First let me say THANK YOU, THANK YOU, THANK YOU!!!! :cuttle:

(I realize this was actually introduced in P3.39, but I don't think P3.39 ever came my way...  )

Well, first of all, I'm not really sure why it is called 'Power Off' since we've heard from Day 1 that it is actually in a "STANDBY" mode. But that's petty.

Another petty thing I noticed is that when I clicked on the Help for this feature, at the bottom of the Help page, it says: "Select 'Disable' to disable this feature." Well, there _is_ no Disable, the only two choices are On or Off. To me it's obvious that the Off corresponds with what they were referring to as Disable, but there might be one or two out there who would spend a little bit of time searching for that Disable choice.
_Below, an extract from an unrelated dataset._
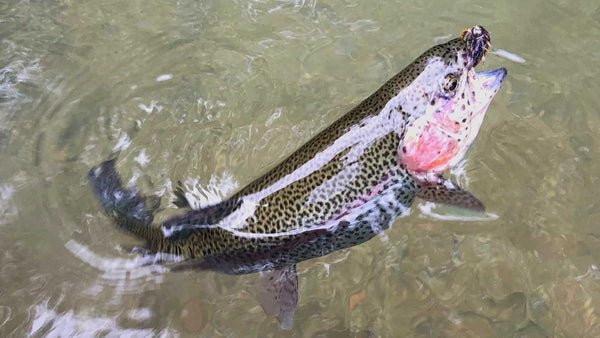 Rainbow Trout on Wolly Bugger Drifthook Fly Fishing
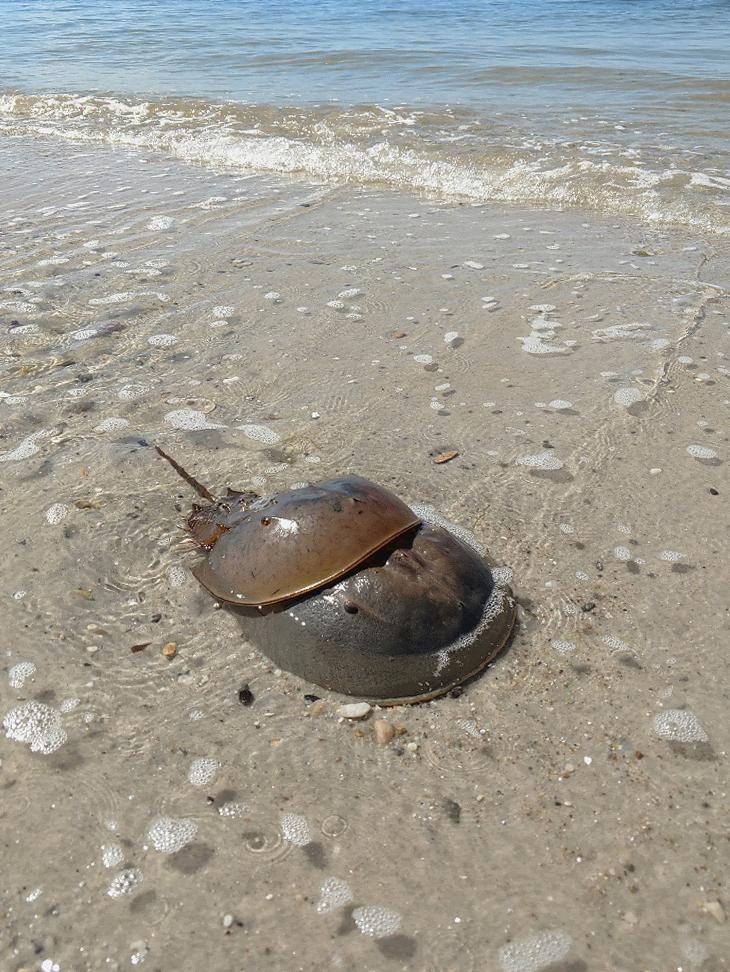 Have you ever seen a horseshoe crab molt? — MerCurios Jewelry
I guess I am a little unclear about the functionality and practicality of the feature itself, for a couple of reasons. Quoting from the Help page.. "This feature, when enabled, powers off the receiver after four hours of inactivity, if between 1:00 am and 5:00 am. Interaction through the remote or the front panel buttons will keep the receiver active."

Two issues with all that:
1. I will have to cancel my 2:30AM timer for Sirius 72 to be sure, but I'm fairly certain that timer interference will also keep the receiver active. For me it has kept it active the past two nights. This is interaction neither through the remote, nor through the front panel buttons. There is a remote (no pun intended ) possibility that the remote was stepped on by a cat or something like that during that time, but right now my theory is that the timer kept it active.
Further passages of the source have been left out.